St Æbbe’s Head, Scotland (click picture for attribution and license)
Æbbe of Coldingham was the uterine sister of King Oswiu of Northumbria (Anon Life of Cuthbert). Uterine sister means that they share the same mother. There has been a lot of discussion about what this means for her father. Either she and Oswiu had different fathers (and she was not an Æthelfrithing) or that King Æthelfrith had multiple wives . It is important to note that both may be true. Æthelfrith was a pagan king with at least two known wives, Acha of Deira and Bebbe. Bamburgh is named for her, Bebbanburgh. For her name to have remained attached to the dynastic fortress I believe it means that her son must have ruled long enough for the name to stick and I think Oswiu’s 28 year reign is the best candidate and his sons and grandsons rule for the next 46 years. They would have no reason to remove their foremothers name from the fortress. So I believe that Bebbe was Oswiu and therefore, Æbbe’s mother. Also note the similarity between the names Bebbe and Æbbe. We know that King Oswald’s mother was Acha of Deira so that Æbbe was at best, Oswald’s half-sister. Æbbe lived until about 683, 13 years longer than her brother. If she was born the year Æthelfrith died in 616, then she would have been 67 years old, not impossible. The anonymous Life of Cuthbert refers to Æbbe as a widow, but we have no idea who her husband was. All sources after the Anon. Life of Cuthbert leave her status obscure, probably because the prestigue of widows is lower than that of virgin.

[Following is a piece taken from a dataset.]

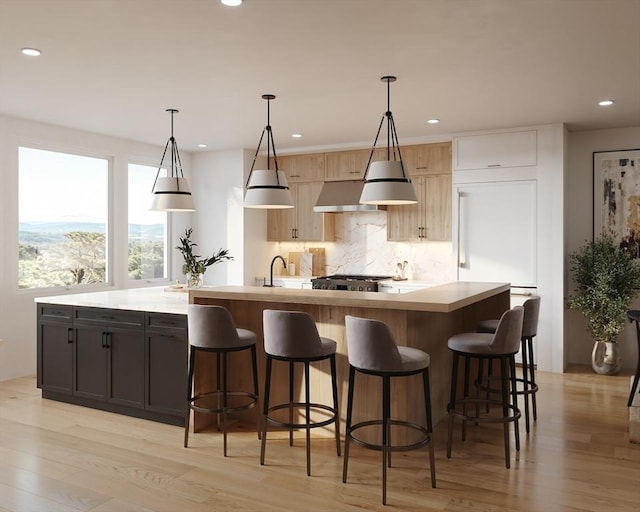 kitchen featuring light hardwood / wood-style flooring, backsplash, decorative light fixtures, light brown cabinetry, and a center island with sink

She probably founds her monastery at Coldingham during the time of her nephew King Ecgfrith (r. 670-685). Coldingham is located north of Bamburgh along the sea, possibly founded in an old British fortress. It was located in the region of Æbbe’s headland, shown in the photo above. It is the northernmost monastery of Northumbria that survives after the death of King Ecgfrith. Although Bede claims that her monastery was destroyed after her death because of its loose living, it was visited apparently without complaint by all the notable ecclesiastical figures of the day during Æbbe’s lifetime. It was at Coldingham that the episode of St. Cuthbert and the otters occurs. When Queen Æthelthryth takes the veil from Bishop Wilfrid, she enters Coldingham. This is important, because Bishop Wilfrid is unlikely to have had the queen enter into a monastery of questionable practices. It is possible that Æbbe’s monastery was essentially a retirement facility for noble widows and their daughters. They may not have been as ascetic as other monasteries, but passed Bishop Wilfrid’s standards. Given that Æthelthryth remained at Coldingham for a year of training, we can assume that Coldingham’s rule was similar to that which Æthelthryth established at Ely.
In about 681, Abbess Æbbe intervenes with her nephew King Ecgfrith on behalf of Bishop Wilfrid who he has thrown in a dungeon. Abbe asserts that Queen Irminburgh’s illness comes from Ecgfrith’s treatment of Bishop Wilfrid and Iurminburgh’s wearing a reliquary necklace taken from Bishop Wilfrid. On Abbe’s advice he frees Wilfrid from prison. She suggests that if he is unwilling to obey Rome and restore Wilfrid to his see, then at least give him his freedom and expel him from the kingdom, which he does. Æbbe takes on the role of the ‘wise woman’ in the Life of Wilfrid and in another episode in the life of Audrey of Ely in the Liber Eliensis (Book of Ely).
The story of the loose living at Coldingham — after Æbbe’s death — sounds like a standard story to explain why the monastery was completely destroyed by fire. It is likely that a haven for widows may not have been up to the ascetic standards of the Irish like the monk that Bede interviews.